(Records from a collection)
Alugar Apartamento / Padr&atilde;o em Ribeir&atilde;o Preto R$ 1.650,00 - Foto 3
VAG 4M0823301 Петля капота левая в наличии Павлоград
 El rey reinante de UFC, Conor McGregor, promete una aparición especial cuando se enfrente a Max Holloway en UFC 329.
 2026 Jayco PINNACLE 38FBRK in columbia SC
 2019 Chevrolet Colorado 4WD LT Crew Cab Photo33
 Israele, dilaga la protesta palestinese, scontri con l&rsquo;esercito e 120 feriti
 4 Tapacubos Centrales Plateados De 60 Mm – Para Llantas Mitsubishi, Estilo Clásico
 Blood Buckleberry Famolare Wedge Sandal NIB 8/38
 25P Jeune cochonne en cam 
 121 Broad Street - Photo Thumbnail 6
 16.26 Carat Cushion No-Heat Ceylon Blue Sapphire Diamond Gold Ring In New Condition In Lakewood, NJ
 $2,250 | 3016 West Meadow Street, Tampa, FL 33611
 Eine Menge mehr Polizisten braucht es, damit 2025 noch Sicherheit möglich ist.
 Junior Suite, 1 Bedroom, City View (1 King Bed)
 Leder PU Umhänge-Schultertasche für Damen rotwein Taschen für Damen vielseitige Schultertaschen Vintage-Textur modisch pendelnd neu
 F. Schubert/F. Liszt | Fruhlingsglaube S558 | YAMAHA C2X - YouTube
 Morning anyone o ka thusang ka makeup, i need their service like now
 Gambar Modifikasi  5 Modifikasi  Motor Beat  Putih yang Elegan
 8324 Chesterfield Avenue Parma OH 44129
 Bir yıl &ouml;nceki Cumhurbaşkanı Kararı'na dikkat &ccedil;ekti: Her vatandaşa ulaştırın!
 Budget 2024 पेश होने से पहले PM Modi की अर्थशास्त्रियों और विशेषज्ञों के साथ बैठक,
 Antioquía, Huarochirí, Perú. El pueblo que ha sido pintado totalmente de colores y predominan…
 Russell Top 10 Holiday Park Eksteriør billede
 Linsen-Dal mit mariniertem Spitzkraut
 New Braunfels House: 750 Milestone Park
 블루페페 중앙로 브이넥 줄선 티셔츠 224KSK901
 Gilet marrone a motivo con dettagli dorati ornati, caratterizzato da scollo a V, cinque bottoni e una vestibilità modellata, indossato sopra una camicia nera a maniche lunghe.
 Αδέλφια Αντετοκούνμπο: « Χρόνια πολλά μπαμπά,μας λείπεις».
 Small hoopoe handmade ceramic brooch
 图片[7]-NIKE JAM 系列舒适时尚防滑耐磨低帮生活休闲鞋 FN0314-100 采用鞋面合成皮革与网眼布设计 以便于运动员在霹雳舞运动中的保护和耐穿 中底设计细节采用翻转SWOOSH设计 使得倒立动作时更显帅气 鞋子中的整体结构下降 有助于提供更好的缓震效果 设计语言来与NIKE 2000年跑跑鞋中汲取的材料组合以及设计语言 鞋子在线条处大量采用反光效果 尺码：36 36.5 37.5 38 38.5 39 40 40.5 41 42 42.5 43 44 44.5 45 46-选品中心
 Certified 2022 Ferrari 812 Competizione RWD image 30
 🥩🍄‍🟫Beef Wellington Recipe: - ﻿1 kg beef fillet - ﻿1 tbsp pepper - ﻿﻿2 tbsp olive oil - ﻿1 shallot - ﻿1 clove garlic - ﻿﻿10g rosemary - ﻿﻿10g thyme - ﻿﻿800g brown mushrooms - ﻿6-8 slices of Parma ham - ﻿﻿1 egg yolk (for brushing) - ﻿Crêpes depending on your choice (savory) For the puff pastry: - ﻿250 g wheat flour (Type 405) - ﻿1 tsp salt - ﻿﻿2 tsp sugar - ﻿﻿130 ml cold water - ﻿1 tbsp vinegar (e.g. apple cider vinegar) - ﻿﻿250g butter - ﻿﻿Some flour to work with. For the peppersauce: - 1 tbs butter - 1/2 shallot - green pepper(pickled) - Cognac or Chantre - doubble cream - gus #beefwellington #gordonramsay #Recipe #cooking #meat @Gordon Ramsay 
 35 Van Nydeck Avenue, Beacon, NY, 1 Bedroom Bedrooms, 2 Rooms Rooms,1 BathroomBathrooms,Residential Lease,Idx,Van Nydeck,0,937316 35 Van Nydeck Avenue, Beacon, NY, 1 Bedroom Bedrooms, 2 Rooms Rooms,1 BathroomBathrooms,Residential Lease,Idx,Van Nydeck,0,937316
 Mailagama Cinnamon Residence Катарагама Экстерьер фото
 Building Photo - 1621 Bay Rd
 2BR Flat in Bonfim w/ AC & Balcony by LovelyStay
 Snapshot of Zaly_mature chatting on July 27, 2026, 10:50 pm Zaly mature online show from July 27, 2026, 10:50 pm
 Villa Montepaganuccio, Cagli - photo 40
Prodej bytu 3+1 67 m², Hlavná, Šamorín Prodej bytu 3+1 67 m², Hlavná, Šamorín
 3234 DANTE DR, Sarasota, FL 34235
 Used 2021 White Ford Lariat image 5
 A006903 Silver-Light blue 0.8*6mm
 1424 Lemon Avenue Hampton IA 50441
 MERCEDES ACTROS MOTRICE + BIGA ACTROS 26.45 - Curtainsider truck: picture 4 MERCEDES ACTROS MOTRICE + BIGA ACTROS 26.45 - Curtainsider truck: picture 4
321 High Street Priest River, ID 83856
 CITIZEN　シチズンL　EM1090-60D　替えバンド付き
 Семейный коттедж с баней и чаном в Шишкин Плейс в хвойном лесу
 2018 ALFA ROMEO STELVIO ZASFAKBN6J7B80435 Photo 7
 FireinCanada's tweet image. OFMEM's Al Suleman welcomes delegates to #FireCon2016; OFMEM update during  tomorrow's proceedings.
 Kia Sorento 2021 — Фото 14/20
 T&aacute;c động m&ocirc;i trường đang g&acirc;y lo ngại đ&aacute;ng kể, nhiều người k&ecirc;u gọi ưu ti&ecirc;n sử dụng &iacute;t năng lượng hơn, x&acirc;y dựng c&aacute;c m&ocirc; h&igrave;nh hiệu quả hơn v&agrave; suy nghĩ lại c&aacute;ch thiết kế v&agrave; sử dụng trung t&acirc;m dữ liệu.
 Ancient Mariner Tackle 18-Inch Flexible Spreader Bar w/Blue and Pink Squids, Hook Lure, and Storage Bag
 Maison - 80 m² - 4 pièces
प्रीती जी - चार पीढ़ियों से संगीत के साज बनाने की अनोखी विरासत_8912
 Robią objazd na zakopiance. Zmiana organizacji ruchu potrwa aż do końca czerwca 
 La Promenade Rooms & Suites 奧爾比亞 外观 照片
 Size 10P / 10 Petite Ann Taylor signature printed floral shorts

WORK REQUIRED: Retype only the lines above between the line with "121 Broad Street - Photo Thumbnail 6" and the line with "Junior Suite, 1", counting those two lines as well, and keep every character as it is.

ANSWER SECTION:
 121 Broad Street - Photo Thumbnail 6
 16.26 Carat Cushion No-Heat Ceylon Blue Sapphire Diamond Gold Ring In New Condition In Lakewood, NJ
 $2,250 | 3016 West Meadow Street, Tampa, FL 33611
 Eine Menge mehr Polizisten braucht es, damit 2025 noch Sicherheit möglich ist.
 Junior Suite, 1 Bedroom, City View (1 King Bed)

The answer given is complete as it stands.